WORK ITEM:
Retype the lines below exactly, from the one that contains "Starfield Premium Edition" through the last, and leave every picture out.

Entries taken from a collection:
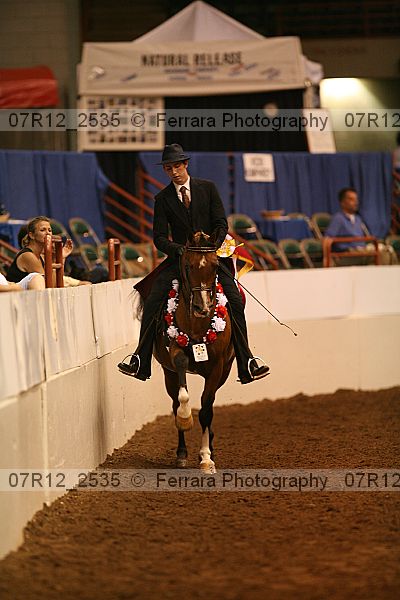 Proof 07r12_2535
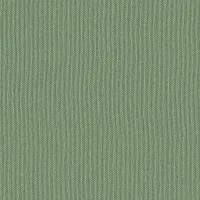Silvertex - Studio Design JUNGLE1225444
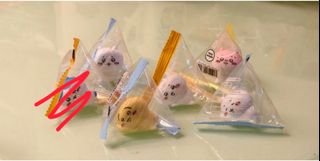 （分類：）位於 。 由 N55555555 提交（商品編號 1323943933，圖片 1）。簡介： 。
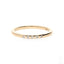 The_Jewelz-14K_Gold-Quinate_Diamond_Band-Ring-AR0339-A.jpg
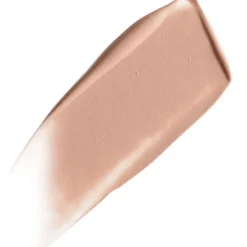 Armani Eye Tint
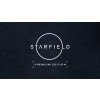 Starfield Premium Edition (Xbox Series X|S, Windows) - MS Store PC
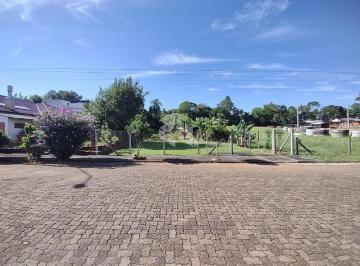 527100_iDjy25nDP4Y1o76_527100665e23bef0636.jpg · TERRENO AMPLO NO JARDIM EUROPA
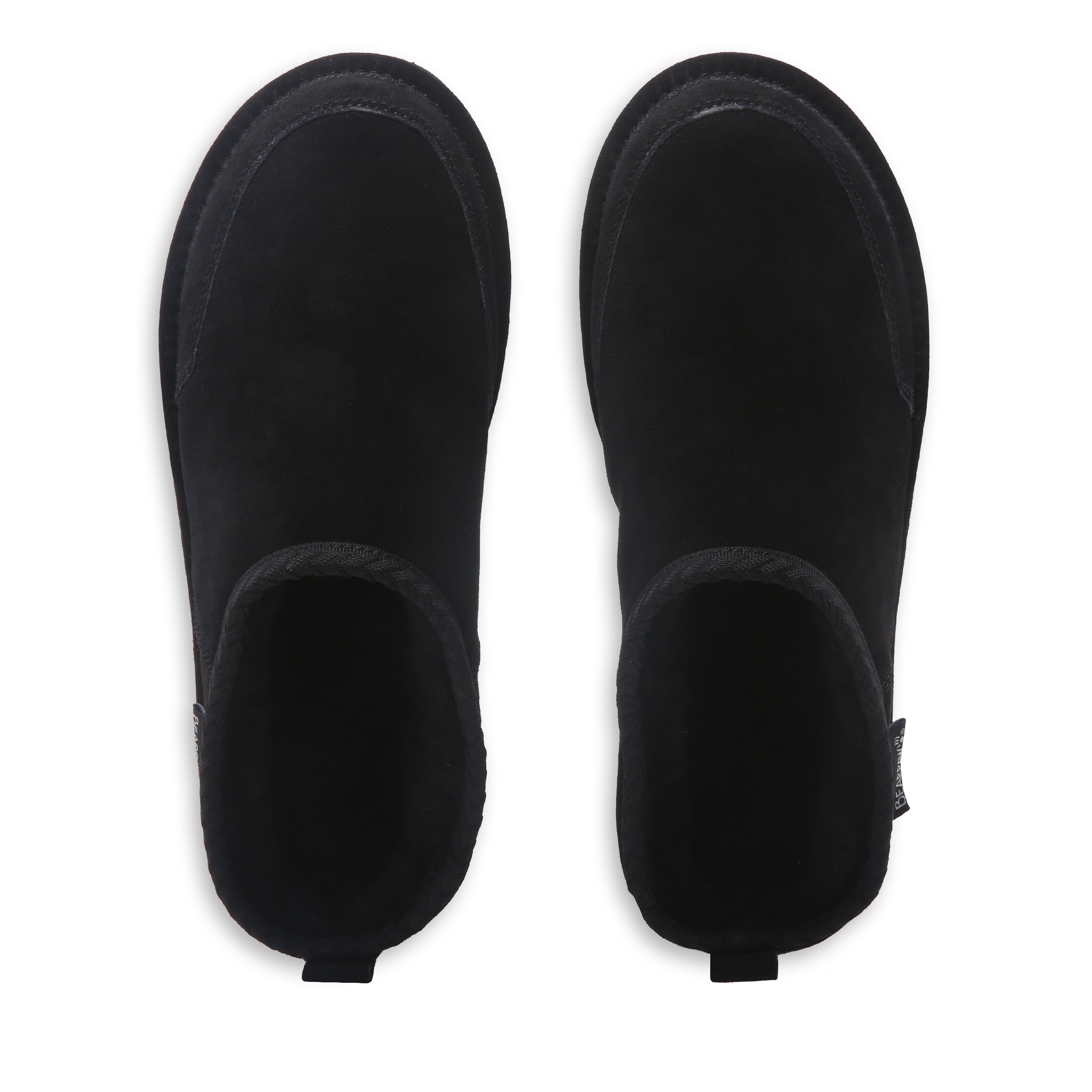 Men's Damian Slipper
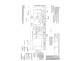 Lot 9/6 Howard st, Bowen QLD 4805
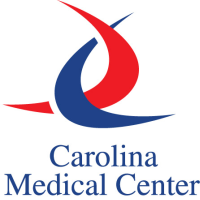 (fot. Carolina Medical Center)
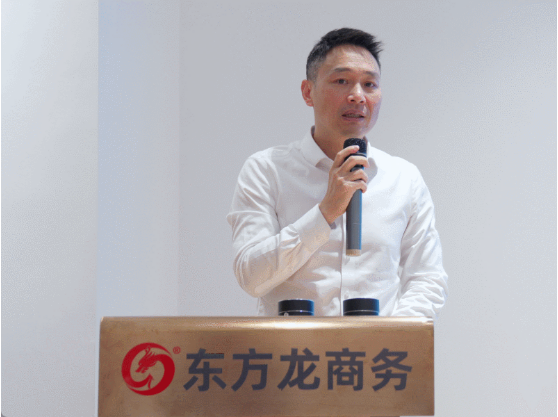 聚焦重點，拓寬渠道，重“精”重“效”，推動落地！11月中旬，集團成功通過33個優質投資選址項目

ANSWER BOX:
 Starfield Premium Edition (Xbox Series X|S, Windows) - MS Store PC
 527100_iDjy25nDP4Y1o76_527100665e23bef0636.jpg · TERRENO AMPLO NO JARDIM EUROPA
 Men's Damian Slipper
 Lot 9/6 Howard st, Bowen QLD 4805
 (fot. Carolina Medical Center)
 聚焦重點，拓寬渠道，重“精”重“效”，推動落地！11月中旬，集團成功通過33個優質投資選址項目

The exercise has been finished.